Anfang der Woche hatte eine Gruppe wütender Bauern 35 Kühe in eine staatliche Schule nahe der Stadt Agra getrieben. Im Städtchen Radha Kund legten die Landwirte den Betrieb des Krematoriums lahm, indem sie 50 Rinder dort ein- sperrten. Auch Krankenhäuser wurden schon von zornigen Landwirten und ihren Kühen heimgesucht. Viele Bauern verbringen ihre Nächte auf Kuhwache, um ihre Felder vor den hungrigen Eindringlingen zu schützen. „Wir können unproduktive Kühe nicht füttern“, er- klärte ein Bauer. Früher habe er 10 000 Rupien (rund 120 Euro) für eine alte Kuh bekommen und habe damit den Kauf einer neuen Kuh finanzieren können.

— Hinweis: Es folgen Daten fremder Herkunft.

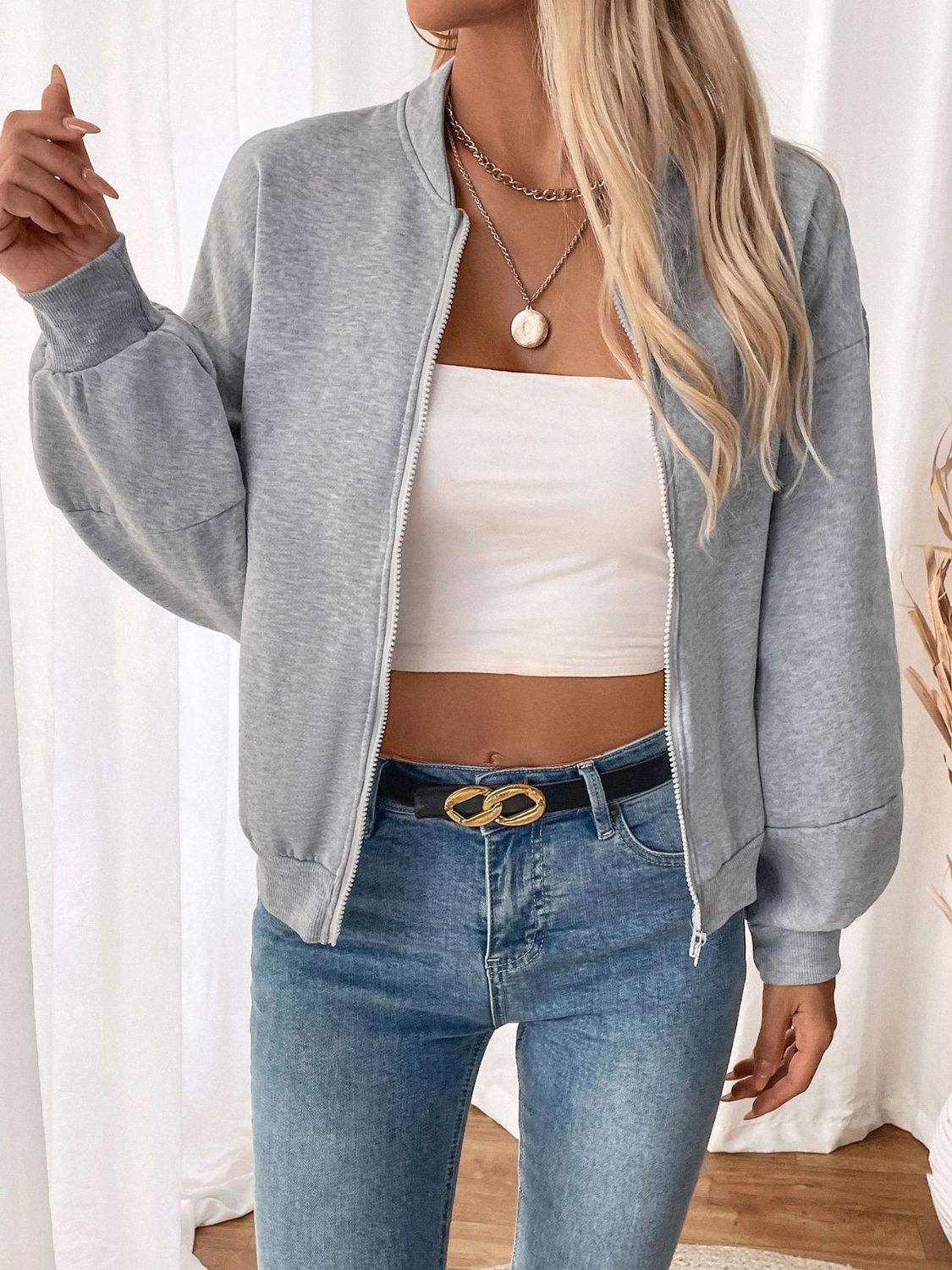 Perfee Zip Up Long Sleeve Sweatshirt - Trendsi - Flyclothing LLC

Das Kuh-Thema ist politisch sehr aufgeladen. Die Frage des Schutzes von Kühen hat an enormer Bedeutung gewonnen, seit Indiens Premierminister Narendra Modi, ein gläubiger Hindu, mit seiner hindunationalistischen Bharatiya Janata Partei 2014 einen haushohen Sieg errang. Viele sehen in dem angeblichen Tierschutz einen Stellvertreterkrieg gegen Minderheiten – besonders Muslime und Dalits, ehemalige Kastenlose. Beide Gruppen essen Rindfleisch und arbeiten in Fleisch- und Lederverarbeitungsindustrien. Laut Menschenrechtsorganisation Human Rights Watch wurden seit 2015 mindestens zehn Menschen gelyncht, nachdem sie des Verzehrs von Rindfleisch beschuldigt worden waren. Die Opfer waren Muslime oder Dalits. Um die 80 Prozent von Indiens Bevölkerung sind Hindus, etwa 15 Prozent sind Muslime, Christen machen etwa zwei Prozent aus.